Here are a few things you can do to get to know your child's teacher at the start of the school year, and throughout:
Ten Things You Can Do to Make Your Child's Teacher Love You Forever:
1) On the first day of school, feel free to introduce yourself and your child-if that's your school's policy. Many schools do not allow parents to come down to the classrooms during pick up and drop off of students-because of safety, and because it is a busy (hectic) time, where teachers are focused making sure everyone arrives safely, finds his or her materials and gets started on the morning activity. If your school does not allow parents to come down to the classroom at this time, respect the rule. It's there for a reason.
2) Acknowledge that you understand that your child's teacher is probably the busiest human on the face of the earth. Ask her what the most convenient way for her to stay in touch is, and then use that form of communication. Stopping by the classroom just before or after your child goes to lunch is a reasonable time that first week to check in and say hello to your child's teacher (if you cannot come down to the classroom during drop off.) But remember, this is also the teacher's lunch time, so keep the visit to the important minimum of asking when and how you can best informally be in touch.
3) If you want to volunteer, be specific. Tell the teacher what your areas of interest are. Come with suggestions or ideas for how you could be useful in the classroom. Teachers get overwhelmed trying to utilize parent volunteers. If we know you're really good at baking cookies and that you'd like to share that skill with the class, we're more likely to ask you to help.
4) Use Email.
5) If you have specific concerns about your child-perhaps your child has a severe food allergy, or ADHD, or you're worried about a learning disability that runs in your family, or even that your child is exceptionally gifted-email your child's teacher with your concerns, then ask for a time to meet to share important background information.

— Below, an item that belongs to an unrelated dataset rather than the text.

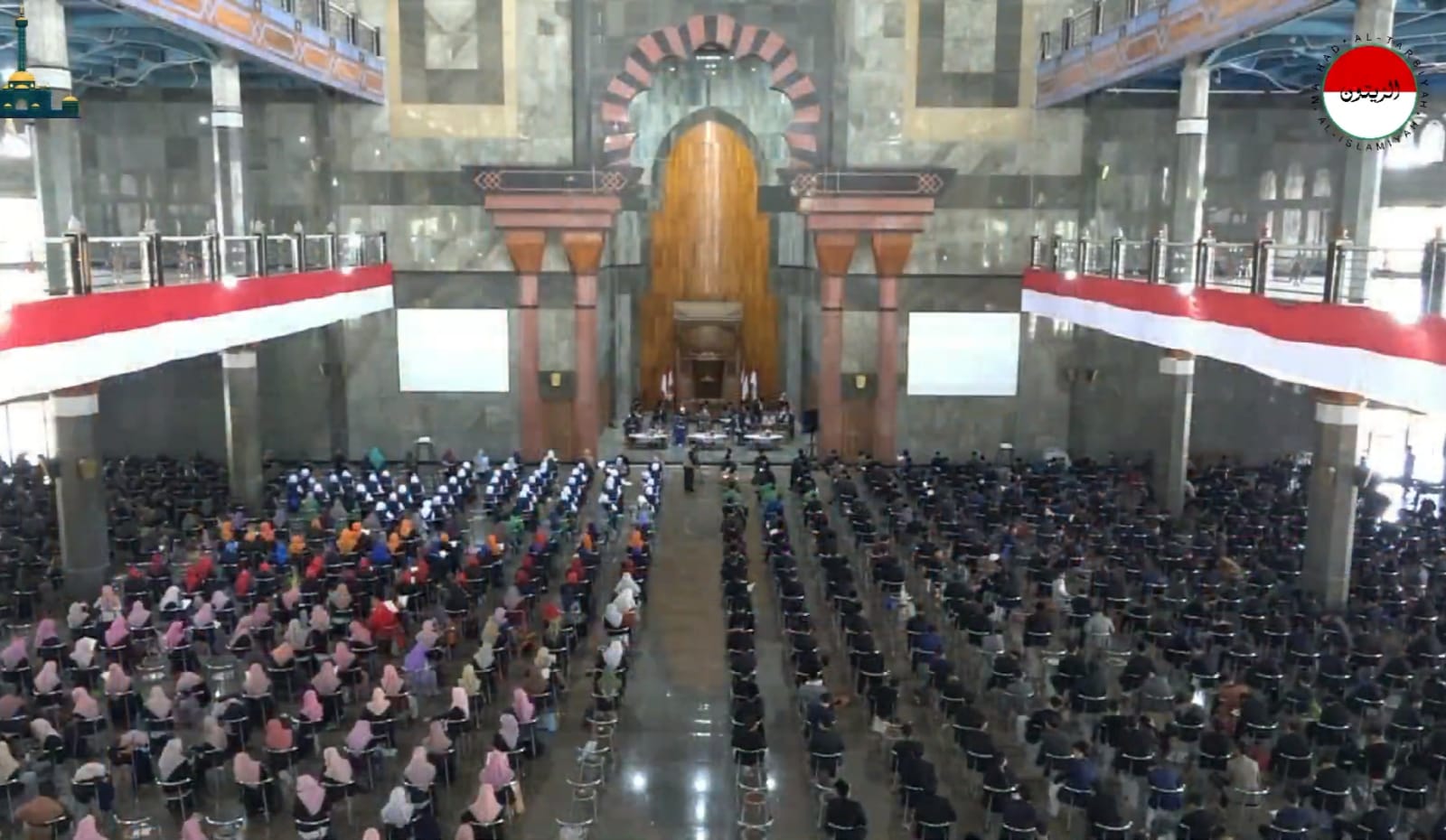 Ribuan Penghuni Kampus Al Zaytun Doakan Syaykh Panji Gumilang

You are an invaluable part of your child's academic team, and teachers want-and need-to hear from you. Just maybe not on the first day. Right at drop off.
6) Just once all year long, stop by with a large coffee for your child's teacher. It will make her think you are the nicest person in the entire world. Having your kid give his teacher a hand-decorated bag of homemade cookies will also make her think your family is the nicest family ever.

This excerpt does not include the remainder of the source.